Fe-based spin crossover (SCO) complexes, with Fe in the +2 oxidation state, are materials where the Fe(II) atoms are surrounded by an octahedral ligand field. In these Fe(II) SCO complexes, even some minor external perturbations, like variations in the magnetic field^1,2 or temperature,^3–6 can lead to a detectable change in their spin state.^7–13 Owing to the temperature sensitivity of the octahedral ligand field splitting (Δ_oct) between the t_2g and e_g orbitals, these complexes tend to occupy the low-spin state (LS), exhibiting a diamagnetic character (S = 0), at low temperatures. Conversely, lowering the Δ_oct between the t_2g and e_g orbitals by increasing the temperature, beyond their respective critical transition temperature T_c, makes these complexes transition to a paramagnetic high-spin state (HS) with S = 2.^12,14–18 The bistability of these spin states^7,19,20 and the facility with which these spin states can be transitioned in the Fe(II) SCO complexes⁶ make these materials come off as great candidates for nonvolatile memory applications.^21–23 The existence of room-temperature magnetic moment in these molecules may also be exploited for room-temperature spintronics^24,25 and molecular transistor-based quantum information science applications.^26,27 To elaborate further, as can be reasonably extrapolated from Bhatti et al.,²⁸ the bistability of the Fe(II) SCO complexes at room temperature can be capitalised upon for spintronics-based memory, and as far as room-temperature quantum information science applications are concerned, such materials can be used for the fabrication of scalable molecular transistors (described in great enough detail in ref. 27).

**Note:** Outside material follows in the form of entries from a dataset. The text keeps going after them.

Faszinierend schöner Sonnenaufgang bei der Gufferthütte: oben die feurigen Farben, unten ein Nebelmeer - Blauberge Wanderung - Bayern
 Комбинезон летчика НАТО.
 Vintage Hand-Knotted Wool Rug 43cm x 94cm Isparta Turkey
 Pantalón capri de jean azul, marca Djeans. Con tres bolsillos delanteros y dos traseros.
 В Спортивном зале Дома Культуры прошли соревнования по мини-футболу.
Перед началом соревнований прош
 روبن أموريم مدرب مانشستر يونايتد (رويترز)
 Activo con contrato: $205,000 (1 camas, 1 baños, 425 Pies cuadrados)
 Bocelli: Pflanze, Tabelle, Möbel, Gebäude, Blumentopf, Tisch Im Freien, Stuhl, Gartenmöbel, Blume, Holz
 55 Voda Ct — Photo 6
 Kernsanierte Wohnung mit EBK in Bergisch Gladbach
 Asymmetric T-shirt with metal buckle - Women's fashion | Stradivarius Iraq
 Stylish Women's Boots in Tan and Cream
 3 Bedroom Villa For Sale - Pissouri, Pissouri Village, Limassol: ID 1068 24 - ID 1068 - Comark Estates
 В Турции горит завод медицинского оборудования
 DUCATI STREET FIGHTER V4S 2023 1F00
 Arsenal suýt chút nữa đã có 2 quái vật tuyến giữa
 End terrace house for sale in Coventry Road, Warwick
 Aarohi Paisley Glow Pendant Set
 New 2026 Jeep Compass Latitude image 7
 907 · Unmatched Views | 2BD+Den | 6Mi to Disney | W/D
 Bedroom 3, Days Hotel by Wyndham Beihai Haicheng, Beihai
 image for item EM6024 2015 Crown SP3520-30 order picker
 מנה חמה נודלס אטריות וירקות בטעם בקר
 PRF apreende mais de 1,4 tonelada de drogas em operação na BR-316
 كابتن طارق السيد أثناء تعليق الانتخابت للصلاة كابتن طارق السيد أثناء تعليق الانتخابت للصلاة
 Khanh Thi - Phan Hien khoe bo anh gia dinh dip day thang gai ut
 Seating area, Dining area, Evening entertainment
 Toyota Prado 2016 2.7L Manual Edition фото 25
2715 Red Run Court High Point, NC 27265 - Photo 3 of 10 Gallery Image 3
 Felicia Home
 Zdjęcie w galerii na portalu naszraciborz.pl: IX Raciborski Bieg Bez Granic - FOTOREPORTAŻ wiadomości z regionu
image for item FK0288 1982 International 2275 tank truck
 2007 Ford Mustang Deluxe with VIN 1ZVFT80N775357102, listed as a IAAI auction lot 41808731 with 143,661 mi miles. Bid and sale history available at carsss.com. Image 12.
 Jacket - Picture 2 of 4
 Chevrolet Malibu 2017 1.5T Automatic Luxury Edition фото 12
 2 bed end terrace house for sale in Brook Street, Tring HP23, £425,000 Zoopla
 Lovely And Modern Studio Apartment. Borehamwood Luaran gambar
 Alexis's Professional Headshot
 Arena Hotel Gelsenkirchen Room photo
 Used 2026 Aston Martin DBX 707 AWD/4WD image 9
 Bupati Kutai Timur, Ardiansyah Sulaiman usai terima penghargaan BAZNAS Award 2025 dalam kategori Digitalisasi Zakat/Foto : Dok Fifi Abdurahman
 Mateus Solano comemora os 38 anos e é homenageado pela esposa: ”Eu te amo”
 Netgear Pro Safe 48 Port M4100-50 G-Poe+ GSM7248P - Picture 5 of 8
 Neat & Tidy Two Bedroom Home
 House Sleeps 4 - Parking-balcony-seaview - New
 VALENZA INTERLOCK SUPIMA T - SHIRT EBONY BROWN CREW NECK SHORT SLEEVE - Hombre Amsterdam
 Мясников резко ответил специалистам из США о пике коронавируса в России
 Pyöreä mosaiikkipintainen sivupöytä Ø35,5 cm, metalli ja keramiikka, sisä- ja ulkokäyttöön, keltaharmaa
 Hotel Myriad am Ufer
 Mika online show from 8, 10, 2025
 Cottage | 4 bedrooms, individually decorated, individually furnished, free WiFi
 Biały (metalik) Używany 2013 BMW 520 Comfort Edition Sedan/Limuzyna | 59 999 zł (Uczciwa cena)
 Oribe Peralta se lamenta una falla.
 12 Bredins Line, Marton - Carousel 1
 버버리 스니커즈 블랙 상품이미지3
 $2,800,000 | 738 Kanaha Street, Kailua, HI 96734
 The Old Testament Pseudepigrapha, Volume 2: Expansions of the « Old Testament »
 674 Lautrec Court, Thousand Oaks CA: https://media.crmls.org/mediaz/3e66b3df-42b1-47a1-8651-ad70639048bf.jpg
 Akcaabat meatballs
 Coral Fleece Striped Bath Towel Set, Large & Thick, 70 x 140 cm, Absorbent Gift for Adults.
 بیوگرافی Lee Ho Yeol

Usually, investigation of spin-state transitions in the SCO complexes involves the use of magnetometry (or magnetic susceptibility measurements). However, since Fe(II) experiences a considerable electronic change with a spin-state transition²⁹ (Fig. 1a), some popular non-invasive techniques like X-ray absorption spectroscopy and X-ray photoemission spectroscopy (XPS) have been employed to detect these transitions in the Fe(II) SCO complexes without the application of an external magnetic field.^6,30–41 In this work, temperature-dependent XPS has been used to monitor the evolution of the Fe 2p and N 1s core-level photoemission spectra of the nanocrystals of 3D Hoffman-like {Fe(pz)[Pt(CN)₄]} (schematic shown in Fig. 1b) with temperature. Besides, the highly surface-sensitive nature of XPS^42,43 would allow us to uncover the effects of thermal fluctuations on the surface magnetization of the {Fe(pz)[Pt(CN)₄]} nanocrystals, which may not be all the same when compared to the magnetization values in the bulk. Hence, the physical insights provided by these measurements could be of high relevance for nanoparticles of Fe(II) SCO complexes with high surface-to-volume ratios.^10,44,45 Also, for a reliable fabrication of nanodevices based on {Fe(pz)[Pt(CN)₄]}, the knowledge of the surface of {Fe(pz)[Pt(CN)₄]} nanocrystals would be quite crucial as the effects of interfacial interactions, on the device properties of a material, cannot be emphasised enough.^46–49

Fig. 1 (a) [Ar]3d⁶ electronic configuration in an octahedral ligand field of the Fe(II) ion in the LS and HS states, and the (b) ball-and-stick model of the 3D Hofmann-like spin-crossover porous coordination polymer {Fe(pz)[Pt(CN)₄]}, where pz = pyrazine. Atom codes: Fe (orange); N (blue); C (green); Pt (gray); H (white).

Experimental details

The nanocrystals of 3D Hoffman-like {Fe(pz)[Pt(CN)₄]} were prepared using a synthesis procedure described in the literature.^50–52 The procedure consists of the preparation of a K₂[Pt(CN)₄] solution in water with constant stirring followed by a subsequent addition of a stoichiometric Fe(BF₄)·6H₂O and pyrazine solution in MeOH/H₂O (1 : 1). The precipitate was separated by centrifugation, washed with ethanol, and then dried under air at ambient temperature. The product {Fe(pz)[Pt(CN)₄]}·2H₂O was dehydrated at 400 K for more than 2 h under reduced pressure (<10⁻² Pa) to produce yellow, anhydrous, microcrystalline solids of {Fe(pz)[Pt(CN)₄]}.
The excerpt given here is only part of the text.